> [Saved data entries]
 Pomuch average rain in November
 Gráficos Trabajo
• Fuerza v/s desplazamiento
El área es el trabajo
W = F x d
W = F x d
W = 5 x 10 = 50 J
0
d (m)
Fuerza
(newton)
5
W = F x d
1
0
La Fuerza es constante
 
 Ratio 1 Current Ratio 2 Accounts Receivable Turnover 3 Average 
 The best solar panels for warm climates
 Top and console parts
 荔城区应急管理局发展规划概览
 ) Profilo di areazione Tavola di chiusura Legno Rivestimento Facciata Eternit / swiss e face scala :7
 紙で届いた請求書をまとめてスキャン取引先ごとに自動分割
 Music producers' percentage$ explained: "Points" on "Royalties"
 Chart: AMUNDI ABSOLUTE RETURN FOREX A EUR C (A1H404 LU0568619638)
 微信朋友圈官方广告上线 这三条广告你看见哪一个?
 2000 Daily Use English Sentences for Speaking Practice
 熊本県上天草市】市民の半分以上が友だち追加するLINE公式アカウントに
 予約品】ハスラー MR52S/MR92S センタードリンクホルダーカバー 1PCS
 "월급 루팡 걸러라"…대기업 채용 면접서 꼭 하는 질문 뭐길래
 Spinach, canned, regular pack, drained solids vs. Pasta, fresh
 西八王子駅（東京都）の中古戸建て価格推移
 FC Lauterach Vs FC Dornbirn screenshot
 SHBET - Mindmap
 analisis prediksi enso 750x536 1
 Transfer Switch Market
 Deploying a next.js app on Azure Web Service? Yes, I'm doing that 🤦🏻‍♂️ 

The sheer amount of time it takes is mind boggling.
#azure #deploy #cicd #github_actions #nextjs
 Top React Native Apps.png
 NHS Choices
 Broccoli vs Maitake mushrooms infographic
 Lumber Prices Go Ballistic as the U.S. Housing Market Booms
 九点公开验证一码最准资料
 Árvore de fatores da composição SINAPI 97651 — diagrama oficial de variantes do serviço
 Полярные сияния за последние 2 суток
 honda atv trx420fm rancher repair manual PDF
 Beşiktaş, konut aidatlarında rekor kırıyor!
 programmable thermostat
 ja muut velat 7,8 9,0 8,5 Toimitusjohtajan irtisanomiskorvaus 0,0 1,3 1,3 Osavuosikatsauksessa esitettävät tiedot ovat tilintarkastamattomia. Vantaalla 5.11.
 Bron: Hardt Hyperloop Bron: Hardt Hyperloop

> [Problem to solve] In restating the data, begin at its first line, reproduce each line word for word, and conclude with the line that contains "programmable thermostat".

> [Output below]
 Pomuch average rain in November
 Gráficos Trabajo
• Fuerza v/s desplazamiento
El área es el trabajo
W = F x d
W = F x d
W = 5 x 10 = 50 J
0
d (m)
Fuerza
(newton)
5
W = F x d
1
0
La Fuerza es constante
 
 Ratio 1 Current Ratio 2 Accounts Receivable Turnover 3 Average 
 The best solar panels for warm climates
 Top and console parts
 荔城区应急管理局发展规划概览
 ) Profilo di areazione Tavola di chiusura Legno Rivestimento Facciata Eternit / swiss e face scala :7
 紙で届いた請求書をまとめてスキャン取引先ごとに自動分割
 Music producers' percentage$ explained: "Points" on "Royalties"
 Chart: AMUNDI ABSOLUTE RETURN FOREX A EUR C (A1H404 LU0568619638)
 微信朋友圈官方广告上线 这三条广告你看见哪一个?
 2000 Daily Use English Sentences for Speaking Practice
 熊本県上天草市】市民の半分以上が友だち追加するLINE公式アカウントに
 予約品】ハスラー MR52S/MR92S センタードリンクホルダーカバー 1PCS
 "월급 루팡 걸러라"…대기업 채용 면접서 꼭 하는 질문 뭐길래
 Spinach, canned, regular pack, drained solids vs. Pasta, fresh
 西八王子駅（東京都）の中古戸建て価格推移
 FC Lauterach Vs FC Dornbirn screenshot
 SHBET - Mindmap
 analisis prediksi enso 750x536 1
 Transfer Switch Market
 Deploying a next.js app on Azure Web Service? Yes, I'm doing that 🤦🏻‍♂️ 

The sheer amount of time it takes is mind boggling.
#azure #deploy #cicd #github_actions #nextjs
 Top React Native Apps.png
 NHS Choices
 Broccoli vs Maitake mushrooms infographic
 Lumber Prices Go Ballistic as the U.S. Housing Market Booms
 九点公开验证一码最准资料
 Árvore de fatores da composição SINAPI 97651 — diagrama oficial de variantes do serviço
 Полярные сияния за последние 2 суток
 honda atv trx420fm rancher repair manual PDF
 Beşiktaş, konut aidatlarında rekor kırıyor!
 programmable thermostat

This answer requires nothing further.